→ What is being asked
Would you write out the entries below, every one of them, exactly?

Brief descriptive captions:
%%

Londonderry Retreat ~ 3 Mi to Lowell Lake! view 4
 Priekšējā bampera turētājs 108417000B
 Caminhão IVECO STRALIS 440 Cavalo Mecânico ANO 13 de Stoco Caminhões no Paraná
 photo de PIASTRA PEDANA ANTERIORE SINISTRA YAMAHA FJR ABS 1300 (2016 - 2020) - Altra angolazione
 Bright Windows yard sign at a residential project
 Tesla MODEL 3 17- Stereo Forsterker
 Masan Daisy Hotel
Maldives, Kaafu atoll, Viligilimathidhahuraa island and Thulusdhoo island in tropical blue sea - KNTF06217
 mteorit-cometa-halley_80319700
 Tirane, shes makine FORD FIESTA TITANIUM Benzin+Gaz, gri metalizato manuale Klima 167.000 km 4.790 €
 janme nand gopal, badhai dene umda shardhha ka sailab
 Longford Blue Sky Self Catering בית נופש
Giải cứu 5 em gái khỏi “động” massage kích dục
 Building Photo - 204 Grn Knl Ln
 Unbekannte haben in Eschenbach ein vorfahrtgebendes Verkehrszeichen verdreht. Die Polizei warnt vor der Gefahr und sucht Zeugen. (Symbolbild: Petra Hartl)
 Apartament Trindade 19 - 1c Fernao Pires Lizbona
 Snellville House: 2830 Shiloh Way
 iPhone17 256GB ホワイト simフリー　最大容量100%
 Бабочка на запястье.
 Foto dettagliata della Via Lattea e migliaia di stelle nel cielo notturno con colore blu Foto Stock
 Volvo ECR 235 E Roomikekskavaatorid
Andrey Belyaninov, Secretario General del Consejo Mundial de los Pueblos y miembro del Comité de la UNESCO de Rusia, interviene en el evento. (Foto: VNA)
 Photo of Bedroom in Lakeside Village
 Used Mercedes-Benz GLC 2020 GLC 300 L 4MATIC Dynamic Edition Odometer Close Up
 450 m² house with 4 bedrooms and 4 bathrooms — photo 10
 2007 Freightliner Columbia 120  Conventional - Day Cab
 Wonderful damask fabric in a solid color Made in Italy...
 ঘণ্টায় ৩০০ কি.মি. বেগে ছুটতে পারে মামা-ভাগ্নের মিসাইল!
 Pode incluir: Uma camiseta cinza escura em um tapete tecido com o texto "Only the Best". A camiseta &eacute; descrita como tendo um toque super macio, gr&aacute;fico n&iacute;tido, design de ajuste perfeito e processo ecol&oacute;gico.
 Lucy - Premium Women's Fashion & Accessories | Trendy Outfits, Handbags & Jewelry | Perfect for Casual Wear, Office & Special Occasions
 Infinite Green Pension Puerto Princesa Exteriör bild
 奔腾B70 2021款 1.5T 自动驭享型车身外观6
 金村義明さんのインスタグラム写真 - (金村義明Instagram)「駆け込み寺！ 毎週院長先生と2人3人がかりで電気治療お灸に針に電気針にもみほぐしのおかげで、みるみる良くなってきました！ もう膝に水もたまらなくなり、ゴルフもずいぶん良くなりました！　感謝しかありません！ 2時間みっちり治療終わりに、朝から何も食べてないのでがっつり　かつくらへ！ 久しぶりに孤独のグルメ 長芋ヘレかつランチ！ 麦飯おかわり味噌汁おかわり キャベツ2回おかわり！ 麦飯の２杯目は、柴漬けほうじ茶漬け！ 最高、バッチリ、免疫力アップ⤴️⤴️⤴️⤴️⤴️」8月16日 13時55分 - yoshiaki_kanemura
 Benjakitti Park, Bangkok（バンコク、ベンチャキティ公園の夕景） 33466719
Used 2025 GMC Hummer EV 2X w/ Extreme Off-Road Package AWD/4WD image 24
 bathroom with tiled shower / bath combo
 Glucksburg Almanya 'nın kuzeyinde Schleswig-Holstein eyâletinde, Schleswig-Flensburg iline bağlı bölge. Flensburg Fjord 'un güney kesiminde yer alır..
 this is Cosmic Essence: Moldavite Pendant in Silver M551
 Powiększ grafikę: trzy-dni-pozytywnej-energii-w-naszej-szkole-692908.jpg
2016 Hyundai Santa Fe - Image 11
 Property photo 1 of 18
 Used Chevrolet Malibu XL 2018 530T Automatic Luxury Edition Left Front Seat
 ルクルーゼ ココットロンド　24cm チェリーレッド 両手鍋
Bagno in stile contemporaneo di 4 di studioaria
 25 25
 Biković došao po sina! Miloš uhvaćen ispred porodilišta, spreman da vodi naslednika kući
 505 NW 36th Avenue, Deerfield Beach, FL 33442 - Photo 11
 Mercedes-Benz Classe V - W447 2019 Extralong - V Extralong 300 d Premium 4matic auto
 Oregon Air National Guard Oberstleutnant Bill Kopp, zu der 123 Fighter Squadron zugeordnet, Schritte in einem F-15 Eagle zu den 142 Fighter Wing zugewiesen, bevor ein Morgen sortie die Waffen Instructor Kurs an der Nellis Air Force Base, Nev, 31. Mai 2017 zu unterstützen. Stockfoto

%%

→ Written answer
Londonderry Retreat ~ 3 Mi to Lowell Lake! view 4
 Priekšējā bampera turētājs 108417000B
 Caminhão IVECO STRALIS 440 Cavalo Mecânico ANO 13 de Stoco Caminhões no Paraná
 photo de PIASTRA PEDANA ANTERIORE SINISTRA YAMAHA FJR ABS 1300 (2016 - 2020) - Altra angolazione
 Bright Windows yard sign at a residential project
 Tesla MODEL 3 17- Stereo Forsterker
 Masan Daisy Hotel
Maldives, Kaafu atoll, Viligilimathidhahuraa island and Thulusdhoo island in tropical blue sea - KNTF06217
 mteorit-cometa-halley_80319700
 Tirane, shes makine FORD FIESTA TITANIUM Benzin+Gaz, gri metalizato manuale Klima 167.000 km 4.790 €
 janme nand gopal, badhai dene umda shardhha ka sailab
 Longford Blue Sky Self Catering בית נופש
Giải cứu 5 em gái khỏi “động” massage kích dục
 Building Photo - 204 Grn Knl Ln
 Unbekannte haben in Eschenbach ein vorfahrtgebendes Verkehrszeichen verdreht. Die Polizei warnt vor der Gefahr und sucht Zeugen. (Symbolbild: Petra Hartl)
 Apartament Trindade 19 - 1c Fernao Pires Lizbona
 Snellville House: 2830 Shiloh Way
 iPhone17 256GB ホワイト simフリー　最大容量100%
 Бабочка на запястье.
 Foto dettagliata della Via Lattea e migliaia di stelle nel cielo notturno con colore blu Foto Stock
 Volvo ECR 235 E Roomikekskavaatorid
Andrey Belyaninov, Secretario General del Consejo Mundial de los Pueblos y miembro del Comité de la UNESCO de Rusia, interviene en el evento. (Foto: VNA)
 Photo of Bedroom in Lakeside Village
 Used Mercedes-Benz GLC 2020 GLC 300 L 4MATIC Dynamic Edition Odometer Close Up
 450 m² house with 4 bedrooms and 4 bathrooms — photo 10
 2007 Freightliner Columbia 120  Conventional - Day Cab
 Wonderful damask fabric in a solid color Made in Italy...
 ঘণ্টায় ৩০০ কি.মি. বেগে ছুটতে পারে মামা-ভাগ্নের মিসাইল!
 Pode incluir: Uma camiseta cinza escura em um tapete tecido com o texto "Only the Best". A camiseta &eacute; descrita como tendo um toque super macio, gr&aacute;fico n&iacute;tido, design de ajuste perfeito e processo ecol&oacute;gico.
 Lucy - Premium Women's Fashion & Accessories | Trendy Outfits, Handbags & Jewelry | Perfect for Casual Wear, Office & Special Occasions
 Infinite Green Pension Puerto Princesa Exteriör bild
 奔腾B70 2021款 1.5T 自动驭享型车身外观6
 金村義明さんのインスタグラム写真 - (金村義明Instagram)「駆け込み寺！ 毎週院長先生と2人3人がかりで電気治療お灸に針に電気針にもみほぐしのおかげで、みるみる良くなってきました！ もう膝に水もたまらなくなり、ゴルフもずいぶん良くなりました！　感謝しかありません！ 2時間みっちり治療終わりに、朝から何も食べてないのでがっつり　かつくらへ！ 久しぶりに孤独のグルメ 長芋ヘレかつランチ！ 麦飯おかわり味噌汁おかわり キャベツ2回おかわり！ 麦飯の２杯目は、柴漬けほうじ茶漬け！ 最高、バッチリ、免疫力アップ⤴️⤴️⤴️⤴️⤴️」8月16日 13時55分 - yoshiaki_kanemura
 Benjakitti Park, Bangkok（バンコク、ベンチャキティ公園の夕景） 33466719
Used 2025 GMC Hummer EV 2X w/ Extreme Off-Road Package AWD/4WD image 24
 bathroom with tiled shower / bath combo
 Glucksburg Almanya 'nın kuzeyinde Schleswig-Holstein eyâletinde, Schleswig-Flensburg iline bağlı bölge. Flensburg Fjord 'un güney kesiminde yer alır..
 this is Cosmic Essence: Moldavite Pendant in Silver M551
 Powiększ grafikę: trzy-dni-pozytywnej-energii-w-naszej-szkole-692908.jpg
2016 Hyundai Santa Fe - Image 11
 Property photo 1 of 18
 Used Chevrolet Malibu XL 2018 530T Automatic Luxury Edition Left Front Seat
 ルクルーゼ ココットロンド　24cm チェリーレッド 両手鍋
Bagno in stile contemporaneo di 4 di studioaria
 25 25
 Biković došao po sina! Miloš uhvaćen ispred porodilišta, spreman da vodi naslednika kući
 505 NW 36th Avenue, Deerfield Beach, FL 33442 - Photo 11
 Mercedes-Benz Classe V - W447 2019 Extralong - V Extralong 300 d Premium 4matic auto
 Oregon Air National Guard Oberstleutnant Bill Kopp, zu der 123 Fighter Squadron zugeordnet, Schritte in einem F-15 Eagle zu den 142 Fighter Wing zugewiesen, bevor ein Morgen sortie die Waffen Instructor Kurs an der Nellis Air Force Base, Nev, 31. Mai 2017 zu unterstützen. Stockfoto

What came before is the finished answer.